BRICS genişlemesi ve G20 Yeni Delhi Zirvesi'nden sonra gerçekleşen diplomasinin kalbinin attığı 78. BM Genel Kurul'un teması, "Güvenin Yeniden Tesisi ve Küresel Dayanışmanın Yeniden Canlandırılması" idi. Zirveler için çok değerli temalar seçiliyor. Nitekim G20 liderler zirvesinin teması da "Tek Dünya, Tek Aile ve Tek Gelecek"ti. Ancak realite, bu süslü kelimelerden çok farklı bir yere gidiyor. ABD, Çin, AB ve Rusya gibi büyük güçler arasındaki rekabet giderek yoğunlaşıyor. Pasifik'teki gerilim artarken, Ukrayna'daki savaşın Orta Asya'dan Afrika'ya kadar birçok bölgede yeni çatışmalar getirmesinden korkuluyor. Yükselen güçlerin dahil olduğu yeni rakip projeler gündeme geliyor. Çin'in Yol-Kuşak Projesi’ne karşı Yeni Delhi'de ilan edilen Hindistan-Ortadoğu-Avrupa Ekonomi Koridoru (IMEC) gibi.

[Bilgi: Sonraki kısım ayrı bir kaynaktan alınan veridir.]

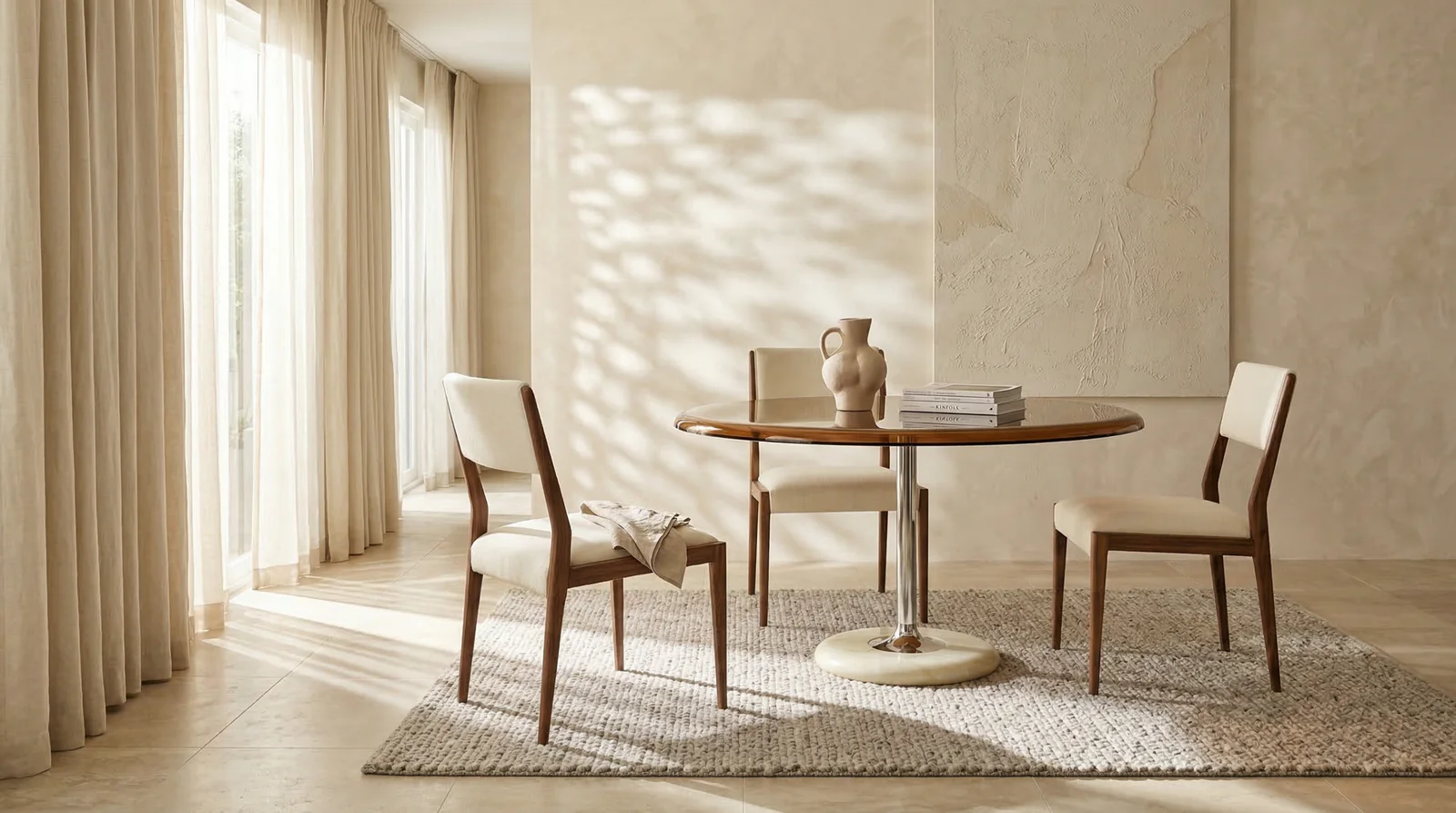 Tension Glass Top Dining Table — view 2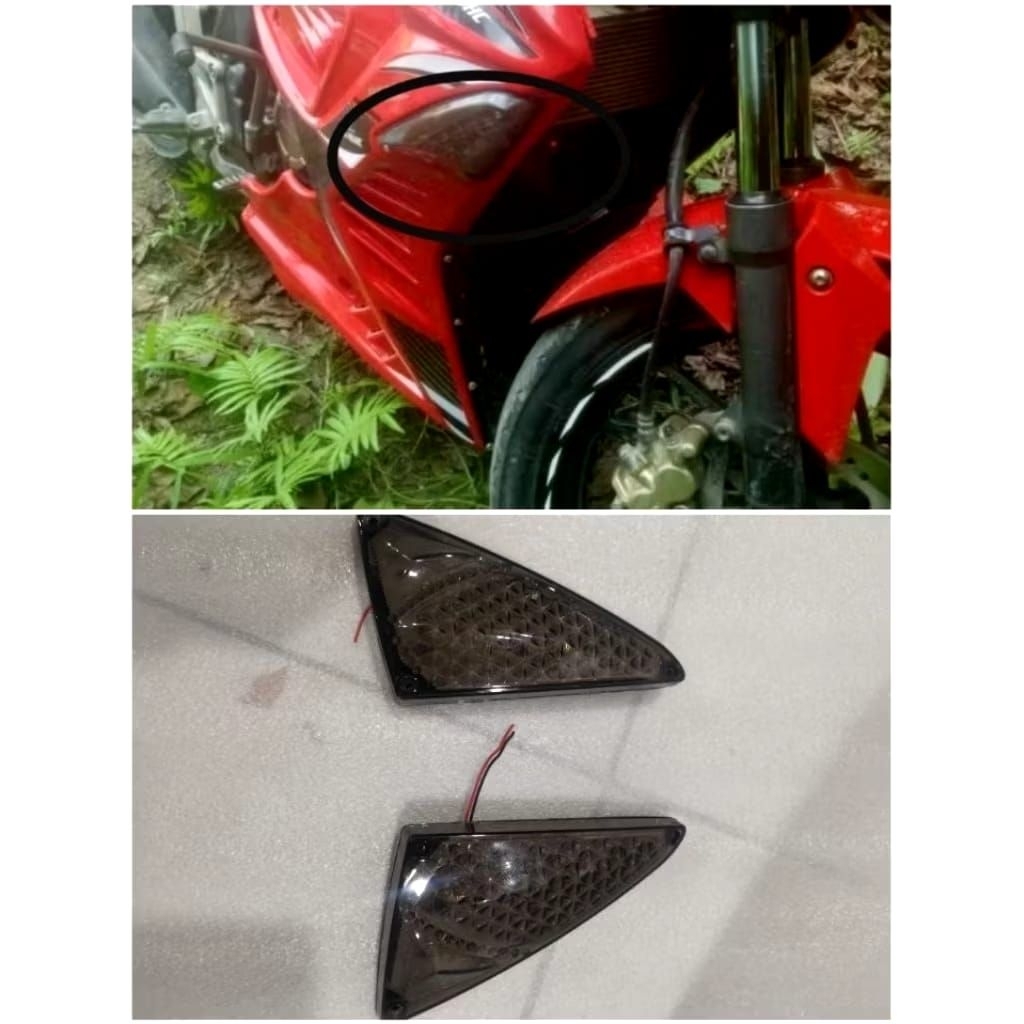 Sein sen LED khusus untuk half fairing Vixion new NVL VERZA CB OLD CB NEW LAMPU SEIN SAYAP VIXION NE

İkinci Dünya Savaşı sonrası güç dengelerinde kurulan BM sistemi, barış ve güvenliği koruma konusunda giderek etkisizleşti. BM Güvenlik Konseyi'nin beş daimi üyesinden birisi olan Rusya'nın Ukrayna'yı işgali, BM'nin krizini daha da belirgin hale getirdi. Kazananlara verilen veto gücünün, küresel güvenliği ve istikrarı sağlamadığı bir kez daha görüldü. Bu yıl, sürdürülebilir kalkınma, iklim değişikliğiyle mücadele, salgınlara hazırlık, çatışma noktaları ve savaşların yanı sıra BM Reformu da Genel Kurul'un gündeminde. Güvenlik Konseyi daimi üyelerinden sadece ev sahibi ABD'nin başkan düzeyinde katılımı oldukça manidar.
İşte böyle bir ortamda, "daha adil bir dünya mümkün" çağrısının haklılığı daha fazla belirginleşen Cumhurbaşkanı Erdoğan, Genel Kurul'da 13. kez hitap etti. Erdoğan'ın daha önce BM reformuna, Filistin, Myanmar, Suriyeli sığınmacılar ve İslam karşıtlığı meselelerine dair Genel Kurul konuşmaları büyük ilgi görmüştü. Birçok liderin Erdoğan'ı tebrik etmekte yarıştıklarına şahit olmuştum.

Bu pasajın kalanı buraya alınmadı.